Quien cuenta someramente lo que ve, se arriesga a no igualar el artificio de una buena imagen. Hay virtuosos que se esfuerzan por penetrar en una escena, minuciosos hasta el límite con cada detalle de un entorno estático, y como mucho no superan más que lo mismo, una buena imagen. Pero si la sola imagen fuera tan poderosa merecería el esfuerzo, y bastaría con repartir fotografías de solomillos para acabar con el hambre o retratos con sonrisa para confortar tantas soledades. Acomodados en esta postura de la imagen, de lo aparente e instantáneo, le ofrecemos un folleto en colorines sobre Maldivas al mendigo que intenta aguantar el frío entre cartones. Tras un par de amaneceres, cuando se ha rendido ante el invierno, lo culpamos por no haber sabido utilizar las escenas, por no haberse reinventado dentro de los nuevos cánones de la mendicidad. Y los más simples nos conformamos, pero empieza a abundar esa anómala pluralidad que se indigna con un mezquino malversador de imágenes.
            A veces reviso viejas fotos.
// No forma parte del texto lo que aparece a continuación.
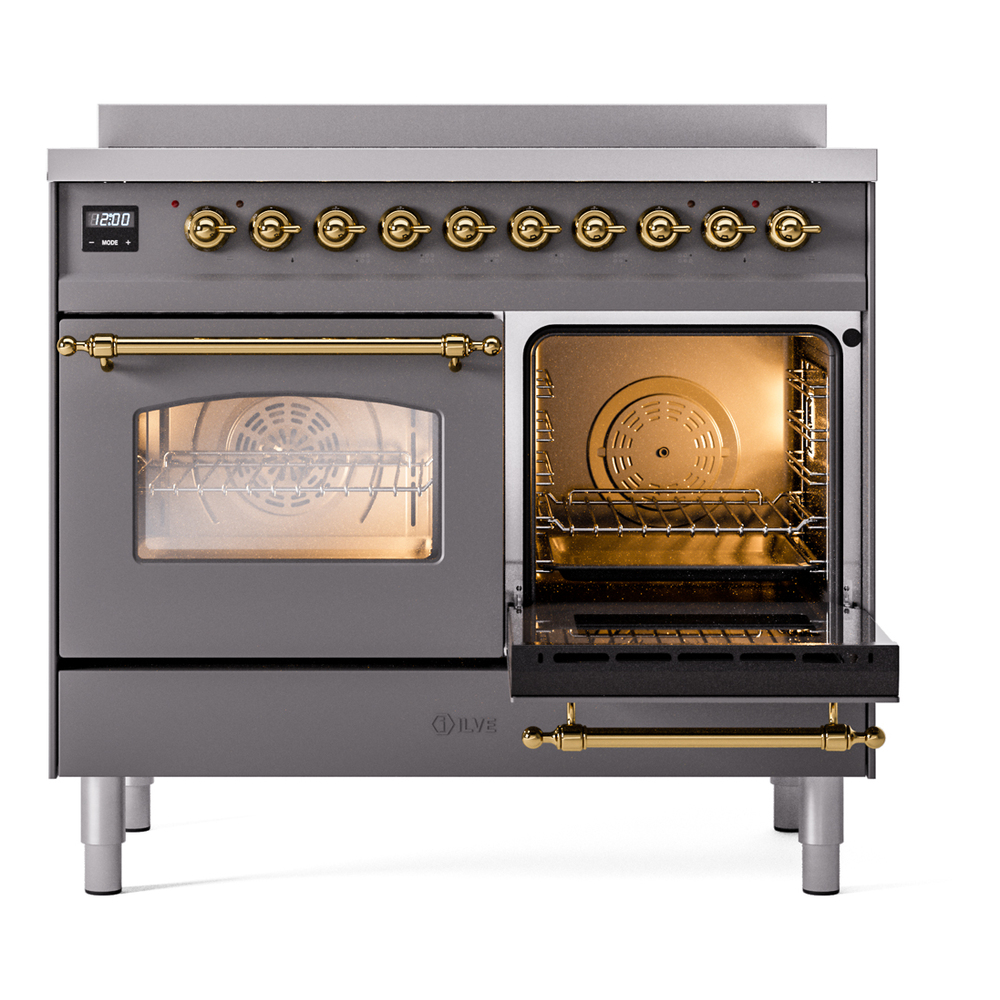 Nostalgie II 40 inch Induction Range with 6 Elements UPDI406NMPMGG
No se ve ningún cazo en ellas pero yo huelo el chocolate mientras por la espalda me llega el repiqueteo de la máquina de coser; y mi abuela, sin apartar su mirada de la ventana tras la que no cesa la lluvia, con ese acento francés al que jamás querrá renunciar, me cuenta de aquella juventud en la que otra lluvia se llevó, sin billete de vuelta, a su padre hasta las trincheras para defender sus tierras de los alemanes. En la radio, un señor dice que el hombre acaba de pisar la luna y abuela agita su cabeza lamentando que todavía no hayamos aprendido a caminar sobre la tierra. Es cuando cierra la capilla limosnera porque de esa esperanza ya dejó de esperar nada bueno. Y tose, siempre tose por culpa de la cocina económica mientras comprueba ese bolsillo donde esconde el paquete de Chester. Enrolla su metro y medio de cinta para entallar sisas y sonríe con gafas y yo la acompaño, quizá en esta nueva anécdota su padre haya vuelto para dirigir la vendimia. Y habrá calma, los vientos dejarán de alborotar porque en casa no hay quien le replique al Calendario Zaragozano.
            Huellas que nunca se desenfocan.
            Entonces, abro los ojos y veo que he estado mirando las fotos por su reverso. Que fueron las palabras las que, en cada instante, formaron las estampas del álbum que llevo dentro. Voces con mirada y manos que guiaron la mía. Objetos que siguen hablando desde cada escena que nunca es pasado, porque el pajarito del reloj sigue vivo y da las horas, que no importan, cada una sólo cuenta las sensaciones que quedaron dentro, con murmullo, olor y reto por superar. Y a esas imágenes sólo llego con la memoria, porque no sumó ni el plano ni el momento, sólo valen por cuanto se rellenó con sentimientos.
            Paseo, y más allá de la curva sobre el camino hay luz, es donde se abre la arboleda y la luna se cuela, me acerco y veo sombras que no salen en la escena porque son antepasados, incluso yo también estoy en antepasado. Sospecho que la imagen tampoco cuenta hasta que me añado, los escucho y hablo con ellos. Y la intuición no me traiciona porque no hay retrato que valga si las emociones quedan fuera, porque en el interior hay más y eso sólo se construye con palabras.
            Apago la mirada y veo.
            Y algunos se empeñan en hablarme de imágenes.